Member of the Ceylon Parliament for Kandy
- In office 1956–1960
- Preceded by: Fredrick de Silva
- Succeeded by: E. L. Senanayake

Member of the Ceylon Parliament for Hewaheta
- In office 1970–1977
- Preceded by: M. A. Daniel
- Succeeded by: M. A. Daniel

Personal details
- Born: 3 June 1917
- Died: 25 February 1982 (aged 64)
- Party: Sri Lanka Freedom Party
- Profession: lawyer, politician

= Piyasena Tennakoon =

Ceylonese lawyer and politician

Piyasena Tennakoon (3 June 1917 – 25 February 1982) was a Ceylonese lawyer and politician.

Tennakoon was educated at Ananda College, Colombo. He later graduated from the Ceylon Law College and became an advocate. He was appointed as the District Revenue Officer of Kolonne.

In 1952 he ran at 2nd parliamentary elections, held in May, in the Galaha electorate. He lost to the incumbent, Theodore Braybrooke Panabokke, by 4,606 votes.

Tennakoon next contested the parliamentary by-election for the seat of Kandy, held on 23 October 1954, representing the United National Party.

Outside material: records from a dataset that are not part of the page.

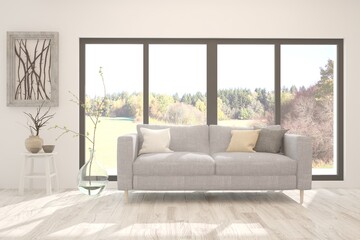 White room with sofa and autumn landscape in window. Scandinavian interior design. 3D illustration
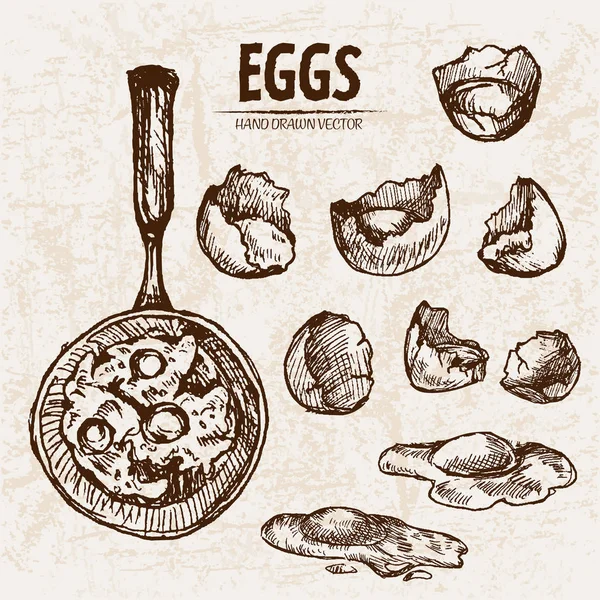 数字矢量详细线艺术烹饪蛋 — 图库矢量图片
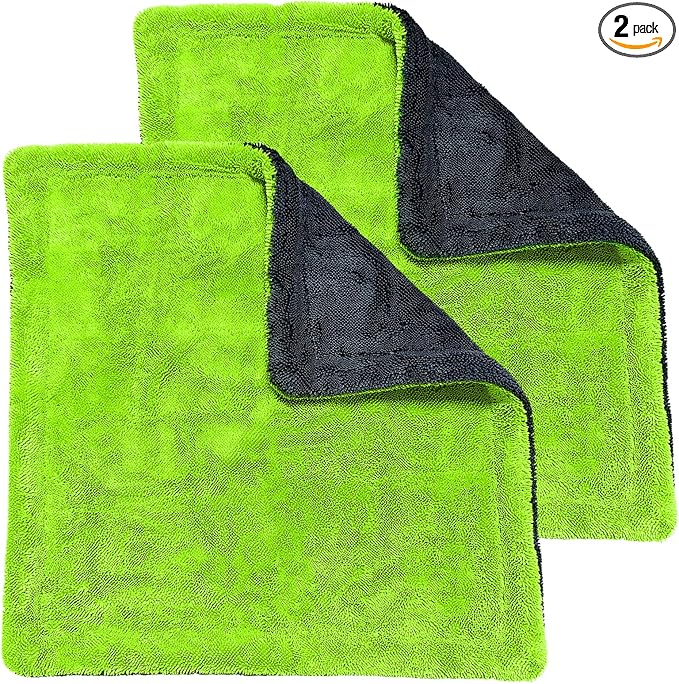 YeewayVeh 2-Pack Car Drying Towels, 16"x 16" Microfiber Drying Towel for Car Detailing, 1400 GSM High Absorbent Edgeless Streak Free Car Wash Drying Towels for Car Truck SUV, Green&Gray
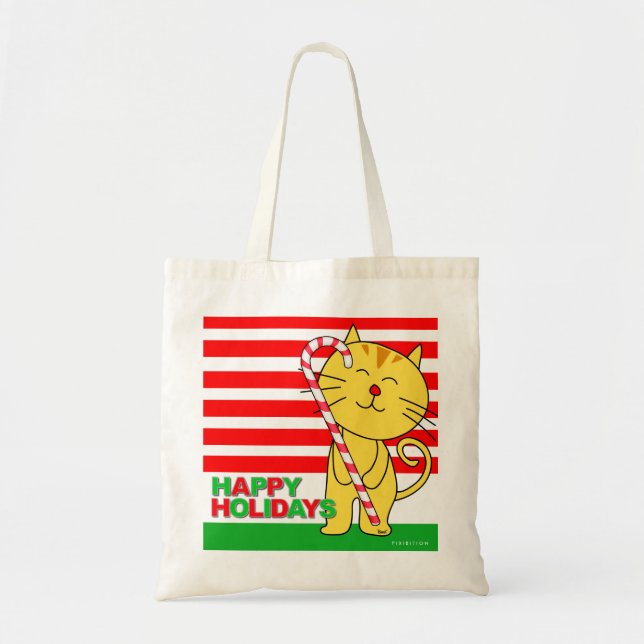 Cat With Candy Cane Holidays Bag 1 (Front)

He was unsuccessful, losing to the former Mayor of Kandy, Fredrick de Silva, by 399 votes. He ran again at the 3rd parliamentary election, held in April 1956, this time as the Sri Lanka Freedom Party candidate. He was elected, polling 11,005 votes (53% of the total vote), 1,239 votes ahead of the United National Party candidate, Edward Lionel Senanayake.

On 20 April 1956, Tennakoon was elected as the Deputy Speaker of Parliament, a position he retained until 16 September 1958, when he was replaced by the member for Gampola, Richard Stanley Pelpola.

He contested the newly created seat of Senkadagala at the 4th parliamentary election held on 19 March 1960, where he lost to Noel Wimalasena, of the United National Party by 1,157 votes. He re-contested the seat at the 6th parliamentary election, for the Sri Lanka Freedom Party, losing again to Wimalasena, this time by 3,370 votes.

At the 7th parliamentary election, held on 27 May 1970, he ran for the seat of Hewaheta, as the Sri Lanka Freedom Party candidate. He won the seat by 2,617 votes, defeating the sitting member, Mahahitana Arachchige Daniel, from the United National Party. He was unable to retain the seat at the subsequent 8th parliamentary election, held on 21 July 1977, losing to Daniel by 6,750 votes.